The Boston Celtics are blowing up their core and sent three veterans to the Brooklyn Nets, raising expectations for the Nets next season.
Numbers Game examines a deal shipping Kevin Garnett, Paul Pierce and Jason Terry to Brooklyn.
The Nets Get: PF Kevin Garnett, SF Paul Pierce and SG Jason Terry.
Garnett, 37, is a future Hall of Famer who is the only active player with more than 25,000 points and 13,000 rebounds and he's remained effective in recent years, in part because he has spent more of his time at centre.
At the same time, Garnett misses more and more time with injuries -- 85 games over the last five seasons -- and his minutes (29:44 per game) were his lowest since his rookie season.
Nevertheless, Garnett had 14.8 points, 7.8 rebounds, 1.1 steals and 0.9 blocks per game in 2012-2013, numbers that would be readily accepted in the Nets' frontcourt next season. Garnett excelled at centre in recent seasons, where he is more athletic than many of the centres he matched up with. If he's spending more time at power forward for Brooklyn, he loses some of that quickness advantage.
Garnett has two years and a little more than $23.5-million due over the next two seasons.
While KG ranks second among active scorers, 35-year-old Paul Pierce sits fourth, but has continued to be an efficient scorer because he gets to the line about six times per game and shoots well enough from three-point range to have the same effective field goal percentage (.502) as he did when he was 29, while scoring 18.6 points and grabbing 6.3 rebounds per game.
At this stage of his career, it would make sense for Pierce to handle a lesser workload, 28 minutes per game instead of 33, but he can still be a valuable contributor to the Nets' offence.
Pierce has one year left on his deal, paying a bit more than $15.3-million.
Rounding out the aging trio of Celtics heading to Brooklyn, 35-year-old Jason Terry is coming off a season in which he played his fewest minutes per game (26.9) and his 10.1 points per game was his lowest since his rookie season, 1999-2000.
While Terry played a lesser role and has a limited game, he can still shoot and, providing offence off the bench, can be a useful player in the Nets' rotation.
Terry has two years, and $10.675-million left on his deal.
The Nets are obviously a better team with this trio added to the mix, but is it enough for them to compete with the best teams in the East? That still seems like it's beyond their reach.
The Celtics Get: SF Gerald Wallace, PF Kris Humphries, SG MarShon Brooks, SF Kris Joseph, SG Keith Bogans and first-round picks in 2014, 2016 and 2018, with an option to flip first-round picks in 2017.
Wallace, 30, has been a very effective if oft-injured player in his career, but he's coming off a season in which he scored just 7.7 points per game, shooting 39.7% from the field, his lowest in both categories since 2003-2004.
While Wallace is an offensive liability at this point, he can still play adequate defence but, given what's left on the Boston roster, they probably need him to be more than a one-dimensional defender if he's going to provide any value.

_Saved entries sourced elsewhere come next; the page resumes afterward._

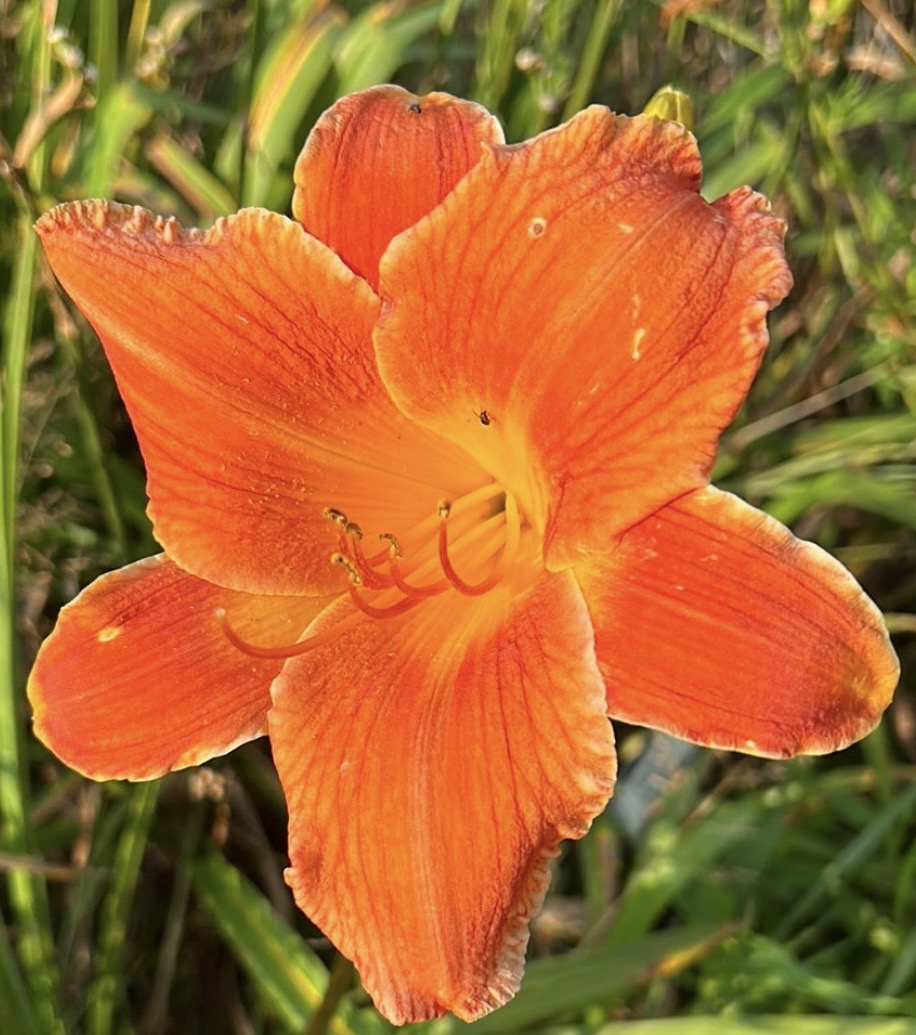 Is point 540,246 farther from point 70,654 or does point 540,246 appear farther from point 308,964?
point 308,964

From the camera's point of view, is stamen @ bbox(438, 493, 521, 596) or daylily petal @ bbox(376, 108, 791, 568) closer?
daylily petal @ bbox(376, 108, 791, 568)

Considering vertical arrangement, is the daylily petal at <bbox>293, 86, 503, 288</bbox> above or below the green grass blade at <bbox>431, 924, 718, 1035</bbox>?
above

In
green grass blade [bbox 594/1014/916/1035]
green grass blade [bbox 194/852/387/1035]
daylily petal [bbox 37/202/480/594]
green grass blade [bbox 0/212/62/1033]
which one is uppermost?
daylily petal [bbox 37/202/480/594]

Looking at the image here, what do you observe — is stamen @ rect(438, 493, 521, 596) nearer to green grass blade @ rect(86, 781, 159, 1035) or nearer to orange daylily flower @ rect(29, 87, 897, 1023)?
orange daylily flower @ rect(29, 87, 897, 1023)

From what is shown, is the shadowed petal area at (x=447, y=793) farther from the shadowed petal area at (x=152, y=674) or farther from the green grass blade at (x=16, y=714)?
the green grass blade at (x=16, y=714)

Wallace has three years, at more than $30.3-million, left on his contract.
28-year-old Kris Humphries had been a productive player from a couple seasons with the Nets, averaging a double-double (points and rebounds) for 2010-2011 and 2011-2012, but his role was reduced significantly last season and he averaged 5.8 points and 5.6 rebounds per game. He's a notorious black hole on offence, never averaging more than 1.5 assists per game.
His expiring deal could provide future value to the Celtics and, given their needs up front, Humphries could find some playing time as part of the Celtics' rotation.

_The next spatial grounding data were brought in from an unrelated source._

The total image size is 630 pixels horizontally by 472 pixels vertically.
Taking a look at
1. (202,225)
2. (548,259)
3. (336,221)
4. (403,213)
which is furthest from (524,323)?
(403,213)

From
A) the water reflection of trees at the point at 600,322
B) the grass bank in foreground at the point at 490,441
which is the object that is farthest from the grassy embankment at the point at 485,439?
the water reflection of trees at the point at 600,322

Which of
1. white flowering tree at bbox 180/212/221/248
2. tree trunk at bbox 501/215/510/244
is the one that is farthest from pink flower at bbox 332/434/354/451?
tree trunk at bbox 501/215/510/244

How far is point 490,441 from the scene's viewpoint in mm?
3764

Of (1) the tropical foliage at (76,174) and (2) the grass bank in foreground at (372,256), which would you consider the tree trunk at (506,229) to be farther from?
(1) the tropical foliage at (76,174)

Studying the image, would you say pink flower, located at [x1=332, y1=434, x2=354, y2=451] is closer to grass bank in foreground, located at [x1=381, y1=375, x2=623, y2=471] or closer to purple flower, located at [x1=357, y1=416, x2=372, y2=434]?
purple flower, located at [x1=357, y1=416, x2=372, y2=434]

Humphries has one season, at $12-million, remaining on his deal.
Brooks is a 24-year-old who had a pretty strong rookie season, scoring 12.6 points per game, in 2011-2012, but was a spare part last season, playing only 12:29 per game after playing 29:23 as a rookie. He'll have a chance to play a larger role in a depleted Celtics' perimeter rotation.
Brooks is due less than $1.3-million next season, the last year of his entry-level deal, though there's a team option for $2.3-million the following season.
A second-round pick of the Celtics in 2012, Kris Joseph played 54 minutes with Boston and New Jersey last season. The 24-year-old Montreal native is still battling for a spot in the league and his contract has a team option, for $788,872 in 2013-2014.
Bogans' inclusion in the deal could work out really well for the 33-year-old who actually played more than Brooks for the Nets last season. As a sign-and-trade piece to this trade, to make the salaries balance, Bogans could be looking at a contract that pays him approximately $4.4-million next season, a veritable jackpot for an aging role player whose defence isn't near what it once was. He might find a spot in the Celtics' rotation, or could be stuck with playing time scraps.
Boston has decided to rebuild for the future but aren't exactly bottoming out as they shed three core veterans. Taking on Wallace's three-year contract, in particular, isn't conducive to regenerating the roster, but the rest of the financial obligations are minimal and the Celtics can see what Jeff Green and J.J. Sullinger can provide in more significant roles alongside PG Rajon Rondo, who is unquestionably the leader of this team now.